Like Ford's modernist opus, and its brainy, punctilious hero, Christopher Tietjens (Benedict Cumberbatch), the series is not easy to follow or instantly love, but it is impossible to dismiss. That's partly thanks to artful storytelling and gifted acting, especially by Rebecca Hall, who is a bewitching hoot in the role of Christopher's bored, unfaithful wife, Sylvia.
It's a series that inevitably draws comparisons with "Downton Abbey," since they share the same upper-class trappings and totems. Tietjens, a brilliant statistician, is an old-fashioned English gentleman, good with horses, furniture and propriety. He is chivalrously loyal to Sylvia, a spoiled beauty who scorns her husband's stuffy rectitude, even as she is piqued by it. She dismisses him as a "great lump," yet can't stop poking him.

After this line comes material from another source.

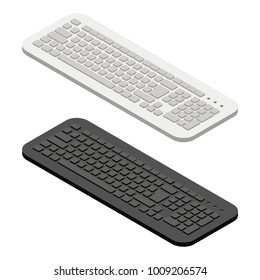 KEYBOARD ISOMETRIC IN WHITE AND BLACK COLOR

"Parade's End" tells the story of a bad marriage, set in a much broader context of a rotting civilization.
And that's the real difference between it and "Downton Abbey." That show is a gauzy anachronism in period costumes; the first novel of "Parade's End" was published in 1924, and the series is enmeshed in the great cataclysm of the time, underscoring the cruelty of the age as much as its charm.
It's more cleareyed about a lot of things, including the British class system. Even kindhearted masters don't confide in their servants; they barely talk to them. Sylvia flippantly refers to her indispensable maid as "Hallo Central" — in the novel she explains that it's because the maid has a tinny voice, like a telephone operator's.
And unlike "Downton Abbey," which used the trench warfare in France mostly as a plot device to keep young lovers apart, "Parade's End" is, above all else, a treatise on the Great War, the massacre of an entire generation of young men at the front, and also the poisoning of an entire class looking on from the safety of club chairs and literary salons.
Nobody in London society believes that war in Europe is imminent except Tietjens, who has been warning his friends and colleagues about German militarism for years. Then again, he is outmoded even in those blinkered social circles, a man who, unlike the narrator of the other Ford Madox Ford classic, "The Good Soldier," isn't deluded at all; Tietjens may well be the last lucid man in England.
Except when it comes to his love life. In the opening episode Tietjens is tricked into marrying Sylvia, who is pregnant by a married man and needs a husband to avoid social ruin. Sylvia is a handful: a Roman Catholic who is impious, unfaithful, selfish, callous, malicious and, unexpectedly, good-humored — she can laugh even at her own absurdities. She is effortlessly alluring. Even as he is dragging himself to the altar, Tietjens can't help flashing back to his seduction and admitting that he finds Sylvia "glorious."
Nor is Sylvia entirely wrong about her husband's priggishness. "I will not see you incommoded," he tells an author he has decided to help. "You've written the only novel since the 18th century I've not had to correct in the margins."
Tietjens's moral standards are tested when he meets a lovely, high-minded young suffragist, Valentine (Adelaide Clemens), who returns his affections. He sticks to his principles, but the two are smeared by gossip and calumny anyway.